The ID.DIN T14 isn't a pre-production car, nor a hint at an imminent electric Volkswagen supercar. Mindt described the work as an exploration of how precision, structure and functionality can become the starting point for expressive automotive design. In his words, the result is a “bold concept with clear proportions, reduced surfaces and a strong graphic character — inspired by the visual world of technical drawings, grids, and functional details.”

The concept's styling is genuinely stitched together from several automotive languages. The streamlined, helmet-visor glazing recalls modern Le Mans hypercars, the long hood and wide arches nod to Aston Martin, and the tail looks almost race-bred and deliberately raw. In profile you can even spot a hint of Bentley, though CarBuzz wryly likens the silhouette to a heavily modified Chrysler 300. The point isn't resemblance to any one car, but an attempt to fuse electric grand touring, racing function and almost mathematical graphics.

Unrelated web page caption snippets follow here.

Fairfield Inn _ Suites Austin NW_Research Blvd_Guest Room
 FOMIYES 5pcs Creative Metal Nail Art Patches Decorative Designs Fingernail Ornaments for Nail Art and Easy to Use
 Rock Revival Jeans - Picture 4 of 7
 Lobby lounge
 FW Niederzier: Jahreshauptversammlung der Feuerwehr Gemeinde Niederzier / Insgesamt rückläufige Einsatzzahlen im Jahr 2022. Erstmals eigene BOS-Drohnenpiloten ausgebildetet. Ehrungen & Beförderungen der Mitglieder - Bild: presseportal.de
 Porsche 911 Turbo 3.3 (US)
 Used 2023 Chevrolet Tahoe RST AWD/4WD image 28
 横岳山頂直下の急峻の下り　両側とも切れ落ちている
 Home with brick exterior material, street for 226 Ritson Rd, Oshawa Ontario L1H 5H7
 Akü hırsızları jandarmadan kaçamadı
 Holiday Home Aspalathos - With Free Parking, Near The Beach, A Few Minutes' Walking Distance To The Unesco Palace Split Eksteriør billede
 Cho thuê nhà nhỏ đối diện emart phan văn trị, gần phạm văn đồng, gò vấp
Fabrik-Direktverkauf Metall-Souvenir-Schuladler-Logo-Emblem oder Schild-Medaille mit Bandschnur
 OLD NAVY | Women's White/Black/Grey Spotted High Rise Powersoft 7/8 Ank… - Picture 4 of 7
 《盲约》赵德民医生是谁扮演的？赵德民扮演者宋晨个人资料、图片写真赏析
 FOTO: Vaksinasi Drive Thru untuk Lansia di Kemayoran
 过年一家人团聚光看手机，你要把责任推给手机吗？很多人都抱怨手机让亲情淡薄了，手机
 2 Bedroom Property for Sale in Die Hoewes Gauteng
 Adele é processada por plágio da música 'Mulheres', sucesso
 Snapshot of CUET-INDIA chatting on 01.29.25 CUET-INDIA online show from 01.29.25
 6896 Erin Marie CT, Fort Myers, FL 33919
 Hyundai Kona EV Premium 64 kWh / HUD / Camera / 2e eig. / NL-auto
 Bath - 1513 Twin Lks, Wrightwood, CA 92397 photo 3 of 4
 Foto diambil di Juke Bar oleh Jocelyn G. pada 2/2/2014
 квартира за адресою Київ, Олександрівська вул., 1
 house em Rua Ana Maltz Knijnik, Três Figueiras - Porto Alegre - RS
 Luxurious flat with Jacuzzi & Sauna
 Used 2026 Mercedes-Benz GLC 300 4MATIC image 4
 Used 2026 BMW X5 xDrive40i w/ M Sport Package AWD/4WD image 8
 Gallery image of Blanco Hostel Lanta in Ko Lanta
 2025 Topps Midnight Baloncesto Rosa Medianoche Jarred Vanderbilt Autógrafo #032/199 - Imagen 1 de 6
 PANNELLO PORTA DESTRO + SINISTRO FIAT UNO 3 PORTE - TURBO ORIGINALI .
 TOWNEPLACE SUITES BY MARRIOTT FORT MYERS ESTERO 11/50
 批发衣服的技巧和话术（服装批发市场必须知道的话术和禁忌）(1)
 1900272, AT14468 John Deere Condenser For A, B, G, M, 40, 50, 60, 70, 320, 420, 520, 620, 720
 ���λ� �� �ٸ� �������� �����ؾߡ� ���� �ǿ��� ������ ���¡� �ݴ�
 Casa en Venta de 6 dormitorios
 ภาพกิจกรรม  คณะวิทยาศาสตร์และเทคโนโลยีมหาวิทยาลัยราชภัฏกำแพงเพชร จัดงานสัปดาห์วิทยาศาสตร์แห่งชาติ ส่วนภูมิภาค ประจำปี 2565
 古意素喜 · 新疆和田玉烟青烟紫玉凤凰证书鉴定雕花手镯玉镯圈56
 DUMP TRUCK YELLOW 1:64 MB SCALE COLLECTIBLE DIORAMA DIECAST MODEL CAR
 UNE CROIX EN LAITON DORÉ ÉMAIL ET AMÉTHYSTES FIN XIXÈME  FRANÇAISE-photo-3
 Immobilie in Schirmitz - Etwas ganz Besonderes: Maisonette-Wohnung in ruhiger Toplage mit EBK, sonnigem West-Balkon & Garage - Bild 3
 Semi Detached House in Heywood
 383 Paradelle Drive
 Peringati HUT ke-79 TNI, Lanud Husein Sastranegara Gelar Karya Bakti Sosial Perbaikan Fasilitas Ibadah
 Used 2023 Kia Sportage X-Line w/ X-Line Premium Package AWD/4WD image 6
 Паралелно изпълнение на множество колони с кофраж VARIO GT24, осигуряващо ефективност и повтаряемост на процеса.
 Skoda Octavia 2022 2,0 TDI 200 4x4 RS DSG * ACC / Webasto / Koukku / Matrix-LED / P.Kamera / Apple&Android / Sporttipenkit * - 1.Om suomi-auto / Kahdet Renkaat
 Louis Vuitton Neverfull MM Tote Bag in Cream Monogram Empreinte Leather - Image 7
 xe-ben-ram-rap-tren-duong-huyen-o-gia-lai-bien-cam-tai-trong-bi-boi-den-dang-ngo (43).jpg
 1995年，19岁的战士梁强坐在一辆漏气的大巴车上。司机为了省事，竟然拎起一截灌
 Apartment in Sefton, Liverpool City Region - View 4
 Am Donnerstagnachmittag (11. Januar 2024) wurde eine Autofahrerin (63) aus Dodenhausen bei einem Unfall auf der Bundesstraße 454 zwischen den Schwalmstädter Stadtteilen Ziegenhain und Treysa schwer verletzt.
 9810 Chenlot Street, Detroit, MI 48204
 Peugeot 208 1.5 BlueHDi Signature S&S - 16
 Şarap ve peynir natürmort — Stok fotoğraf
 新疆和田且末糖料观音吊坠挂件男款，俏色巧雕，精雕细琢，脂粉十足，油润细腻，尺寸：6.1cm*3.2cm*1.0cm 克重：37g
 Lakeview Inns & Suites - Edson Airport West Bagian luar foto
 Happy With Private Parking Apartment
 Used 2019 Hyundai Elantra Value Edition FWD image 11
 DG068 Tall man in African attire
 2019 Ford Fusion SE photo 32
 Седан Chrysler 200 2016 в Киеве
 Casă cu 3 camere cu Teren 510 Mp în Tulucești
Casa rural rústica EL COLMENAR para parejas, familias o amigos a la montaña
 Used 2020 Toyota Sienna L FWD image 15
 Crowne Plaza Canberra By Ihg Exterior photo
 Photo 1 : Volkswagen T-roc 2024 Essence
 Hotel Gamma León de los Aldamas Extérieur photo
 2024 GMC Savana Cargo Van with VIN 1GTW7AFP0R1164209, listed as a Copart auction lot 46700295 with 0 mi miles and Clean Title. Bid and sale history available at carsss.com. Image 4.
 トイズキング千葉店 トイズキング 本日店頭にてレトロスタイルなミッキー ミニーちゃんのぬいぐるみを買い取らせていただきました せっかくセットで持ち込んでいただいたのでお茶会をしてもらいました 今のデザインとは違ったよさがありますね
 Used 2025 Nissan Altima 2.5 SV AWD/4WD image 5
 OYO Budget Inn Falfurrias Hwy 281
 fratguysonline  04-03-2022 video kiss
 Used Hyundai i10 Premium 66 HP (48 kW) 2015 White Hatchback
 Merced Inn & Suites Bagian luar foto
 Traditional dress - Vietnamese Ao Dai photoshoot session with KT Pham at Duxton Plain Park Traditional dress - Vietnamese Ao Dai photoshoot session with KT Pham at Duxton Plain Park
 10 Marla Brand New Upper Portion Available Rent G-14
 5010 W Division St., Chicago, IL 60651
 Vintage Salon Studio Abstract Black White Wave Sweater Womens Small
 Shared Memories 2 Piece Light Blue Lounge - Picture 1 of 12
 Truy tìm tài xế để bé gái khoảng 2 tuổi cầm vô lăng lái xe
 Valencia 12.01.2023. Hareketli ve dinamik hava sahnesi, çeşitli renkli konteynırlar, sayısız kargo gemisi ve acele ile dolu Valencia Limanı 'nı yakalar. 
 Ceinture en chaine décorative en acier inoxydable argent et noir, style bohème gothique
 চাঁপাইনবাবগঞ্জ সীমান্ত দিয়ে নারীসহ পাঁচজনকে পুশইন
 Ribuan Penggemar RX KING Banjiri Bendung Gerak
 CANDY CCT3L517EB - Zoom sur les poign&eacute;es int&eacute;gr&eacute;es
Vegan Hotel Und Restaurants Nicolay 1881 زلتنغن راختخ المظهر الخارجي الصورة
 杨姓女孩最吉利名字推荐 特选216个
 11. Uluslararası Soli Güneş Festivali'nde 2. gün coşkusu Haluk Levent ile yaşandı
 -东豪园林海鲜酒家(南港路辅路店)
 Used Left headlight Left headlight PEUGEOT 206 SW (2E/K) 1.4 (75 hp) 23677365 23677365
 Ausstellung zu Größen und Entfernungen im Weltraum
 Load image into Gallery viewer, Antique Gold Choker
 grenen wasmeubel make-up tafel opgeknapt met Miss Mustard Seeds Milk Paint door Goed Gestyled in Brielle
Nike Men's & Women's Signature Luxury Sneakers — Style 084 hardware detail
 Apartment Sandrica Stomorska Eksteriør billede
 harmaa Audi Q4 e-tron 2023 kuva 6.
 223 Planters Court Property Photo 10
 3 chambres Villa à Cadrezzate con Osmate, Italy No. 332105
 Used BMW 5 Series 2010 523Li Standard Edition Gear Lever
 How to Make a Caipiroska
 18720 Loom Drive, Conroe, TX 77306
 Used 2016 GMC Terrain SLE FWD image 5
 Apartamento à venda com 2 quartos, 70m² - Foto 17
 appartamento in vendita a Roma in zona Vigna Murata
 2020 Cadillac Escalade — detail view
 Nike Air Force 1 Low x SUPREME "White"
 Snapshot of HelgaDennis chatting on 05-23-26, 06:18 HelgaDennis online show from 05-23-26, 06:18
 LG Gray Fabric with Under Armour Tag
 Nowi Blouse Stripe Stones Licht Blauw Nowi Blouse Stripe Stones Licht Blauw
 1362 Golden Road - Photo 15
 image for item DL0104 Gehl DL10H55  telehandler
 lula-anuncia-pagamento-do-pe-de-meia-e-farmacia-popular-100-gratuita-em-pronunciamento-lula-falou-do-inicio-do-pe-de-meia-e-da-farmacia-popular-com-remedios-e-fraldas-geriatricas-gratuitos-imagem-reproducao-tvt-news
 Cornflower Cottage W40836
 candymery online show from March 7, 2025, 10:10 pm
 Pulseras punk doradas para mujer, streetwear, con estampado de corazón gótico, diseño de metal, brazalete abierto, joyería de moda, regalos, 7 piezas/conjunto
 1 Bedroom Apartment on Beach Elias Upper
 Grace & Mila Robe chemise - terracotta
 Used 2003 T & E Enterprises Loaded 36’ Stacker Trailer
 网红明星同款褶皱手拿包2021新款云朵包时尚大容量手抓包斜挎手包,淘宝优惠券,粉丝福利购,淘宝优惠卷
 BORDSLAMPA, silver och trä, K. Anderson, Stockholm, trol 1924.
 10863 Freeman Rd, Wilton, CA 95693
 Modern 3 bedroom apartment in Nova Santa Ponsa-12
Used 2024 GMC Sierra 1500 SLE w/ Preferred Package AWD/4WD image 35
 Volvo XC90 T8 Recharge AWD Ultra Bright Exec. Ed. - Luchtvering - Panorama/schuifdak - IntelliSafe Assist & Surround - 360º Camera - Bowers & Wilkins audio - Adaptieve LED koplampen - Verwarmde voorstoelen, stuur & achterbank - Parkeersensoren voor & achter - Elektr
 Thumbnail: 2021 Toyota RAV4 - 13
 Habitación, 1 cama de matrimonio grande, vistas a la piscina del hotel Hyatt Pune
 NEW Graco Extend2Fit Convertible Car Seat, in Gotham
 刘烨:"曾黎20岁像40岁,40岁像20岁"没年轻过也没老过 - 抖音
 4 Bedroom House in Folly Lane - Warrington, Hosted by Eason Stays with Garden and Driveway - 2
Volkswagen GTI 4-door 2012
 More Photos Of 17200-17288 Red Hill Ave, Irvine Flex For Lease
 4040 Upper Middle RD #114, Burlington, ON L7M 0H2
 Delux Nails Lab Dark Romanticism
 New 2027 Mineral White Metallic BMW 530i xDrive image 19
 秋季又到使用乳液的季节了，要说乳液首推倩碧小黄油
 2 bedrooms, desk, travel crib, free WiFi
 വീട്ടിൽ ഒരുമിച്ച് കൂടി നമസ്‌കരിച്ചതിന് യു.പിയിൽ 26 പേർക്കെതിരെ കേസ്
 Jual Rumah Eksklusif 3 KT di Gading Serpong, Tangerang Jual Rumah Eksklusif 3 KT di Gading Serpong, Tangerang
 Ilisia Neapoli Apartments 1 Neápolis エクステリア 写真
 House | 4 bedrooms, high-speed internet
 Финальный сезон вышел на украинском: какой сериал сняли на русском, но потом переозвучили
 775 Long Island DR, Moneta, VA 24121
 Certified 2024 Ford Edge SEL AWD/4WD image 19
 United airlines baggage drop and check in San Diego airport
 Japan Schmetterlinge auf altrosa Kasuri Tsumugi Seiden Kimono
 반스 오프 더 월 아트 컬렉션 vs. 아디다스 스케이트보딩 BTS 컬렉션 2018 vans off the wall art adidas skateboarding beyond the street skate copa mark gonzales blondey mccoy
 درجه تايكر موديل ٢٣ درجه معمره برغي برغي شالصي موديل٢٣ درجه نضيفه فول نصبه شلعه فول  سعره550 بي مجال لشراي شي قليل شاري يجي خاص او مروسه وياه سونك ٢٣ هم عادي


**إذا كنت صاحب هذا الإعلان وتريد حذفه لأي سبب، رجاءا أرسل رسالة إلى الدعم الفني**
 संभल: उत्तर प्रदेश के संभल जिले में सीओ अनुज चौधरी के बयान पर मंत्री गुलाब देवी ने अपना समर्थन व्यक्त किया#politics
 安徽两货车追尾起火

For Volkswagen the project matters not as a future model but as a contrast with the current ID line. The ID. Buzz proved the brand can do emotional design, yet most VW EVs look too safe: tidy, neutral, risk-free. That approach helps move mass-market cars but barely stirs desire. The ID.DIN T14 shows an electric Volkswagen can be not just rational but visually gripping.

Chinese brands such as Zeekr, Avatr, BYD, Voyah and HiPhi have long sold design as part of the value, while Europe's volume makers often bet on caution. If Volkswagen wants to compete on more than a badge and a platform, it will have to put character back into its EVs. The ID.DIN T14 will likely never wear a VIN, but it does the one thing a design study should: it makes the production ID models look too timid.